As the adrenaline grows in me, I watch the clock eagerly, trying to calm my nerves and focus on the day, not on the night's event. Once I arrive, I find a place in the middle of the room, someplace that I can see everyone arriving. The stage lights are turned on and the microphone is plugged in, and the empty space is ready for its first victim. My adrenaline kicks up a notch. My heart starts beating faster and my palms begin to sweat. I look over the poem on the paper and begin to second guess my selection. The sign-up sheet is set out for everyone to add their name. The first spot is always reserved for a certain regular that has never missed a performance. Several others line up to put their name on the sheet. I never rush this process because I know many won't sign up for the second or third spot, and I it will be mine.
As the writers before me take their turn at the microphone, I watch the crowd and see if they are interested in what the writer is saying, or are they as nervous as I am? Not knowing who any of these people are or if they came to hear a story or poem from a close friend or maybe just need to be entertained in a way many have not thought would be entertaining makes me even more frightened and anxious.
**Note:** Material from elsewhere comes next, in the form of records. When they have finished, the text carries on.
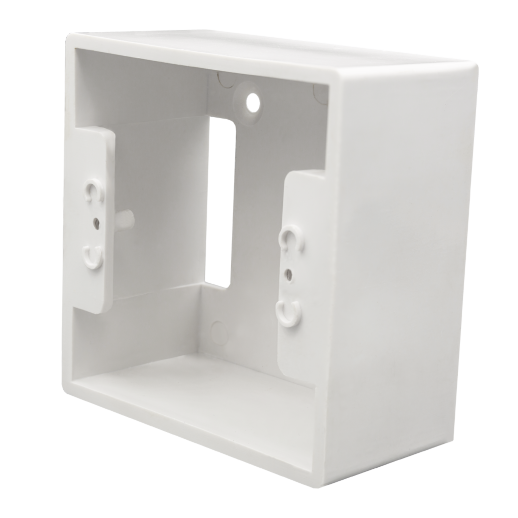 Настенная коробка 80x80x40мм SUPRLAN 10-0332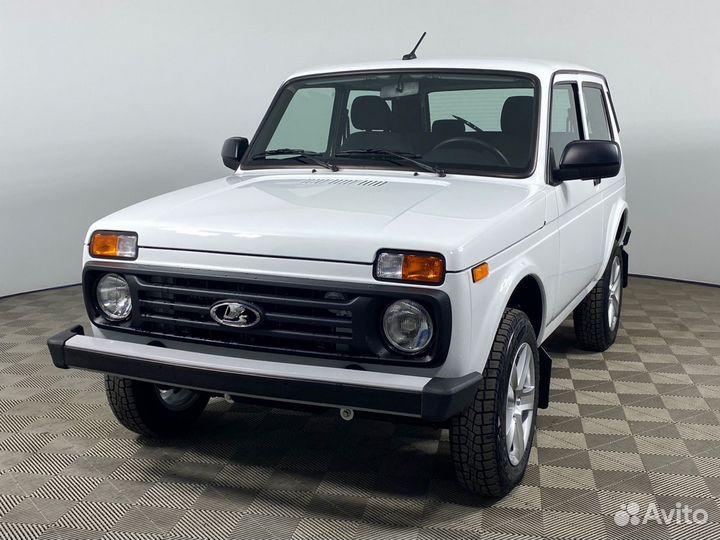 ВАЗ Niva Legend 1.7 МТ, 2023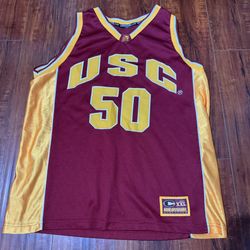Vintage USC Jersey #50 By Colosseum Sz Large Men’s Preowned Good Condition!!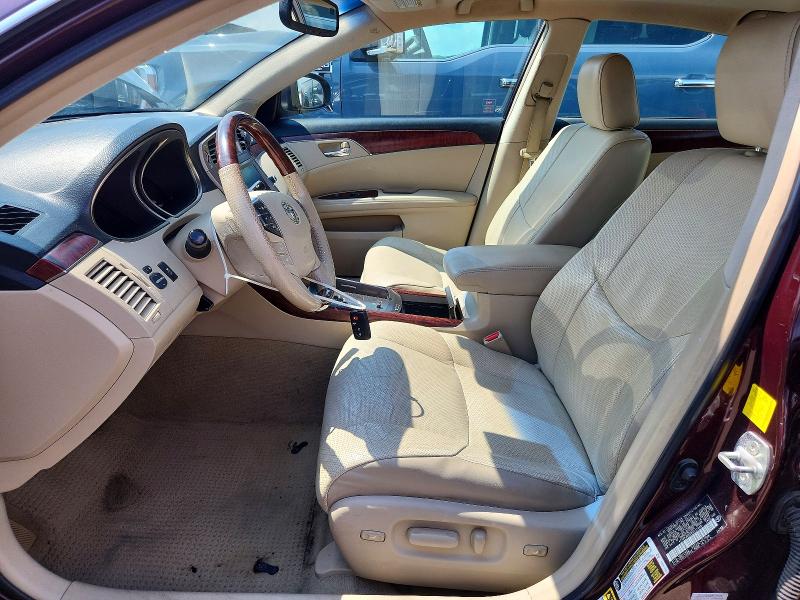 Photo 7 from auction – 2011 TOYOTA AVALON with VIN 4T1BK3DBXBU411249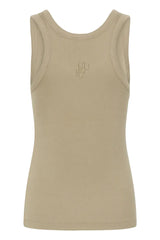 Culture Juliet Tanktop - Coffee Bean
Finally, the writer before me has finished and the applause dies down.
The emcee of the open mic event says a few things about the last writer and makes a few comments about coming events for anyone interested in participating. Suddenly it is my turn and I am introduced. "Please welcome Barbara to the stage."
The small crowd claps and I meekly move to the stage and the lights glare into my eyes. I slowly edge closer to the microphone and press my palms to my pant legs to remove the perspiration before touching. For a moment my fight or flight instinct kicks in and I am overwhelmed with a surge of power.
I put on my best smile and introduce myself and the backstory of the poem I have picked out to read. My legs are shaking, and my heart is pounding all the way to my fingertips. I refuse to look out to see if anyone is looking at me. I can feel their eyes focused on me and I keep my eyes on the paper and begin reading. I start to read, and I get through the first few lines and freeze. Losing track of my rhythm and focusing more on the lights and sounds instead of my mission at hand. I apologize and start over. I take a deep breath look out into the audience and let the anticipation of the event disappear from my thoughts.
I begin again and it gets easier as the words take on a life of their own. My heartbeat slows, and even though my legs haven't completely stopped shaking, I endure because I must conquer this fear. I hold the paper up so I can see the crowd watching and listening as I continue. Realizing, I am coming to the end and the fear of no one applauding crosses my mind as I say the final words to my poem and cautiously smile out into the crowd.
Then it happens, the sweet sound of approval. It takes me to a new level of exhilaration. The endorphins have kicked in, I am overwhelmed with a powerful high. The knowledge of conquering my fear, and believing I have been accepted by my peers. As I sit back down and try to listen to the next writer, a few of the participants from the crowd come over to tell me they liked my poem. I thank them as I take deep breaths to bring myself back to reality and unwind before I go home.
The time up on the stage is probably no more than five minutes, but it feels like a lifetime and it flashes before my eyes and then it is over. Part of me wonders why I was so nervous and another part of me never wants to do it again. I need to keep going until it doesn't give me the thrill I am getting from it now. However, that means I will have to find the next place outside of my comfort zone to share what I write.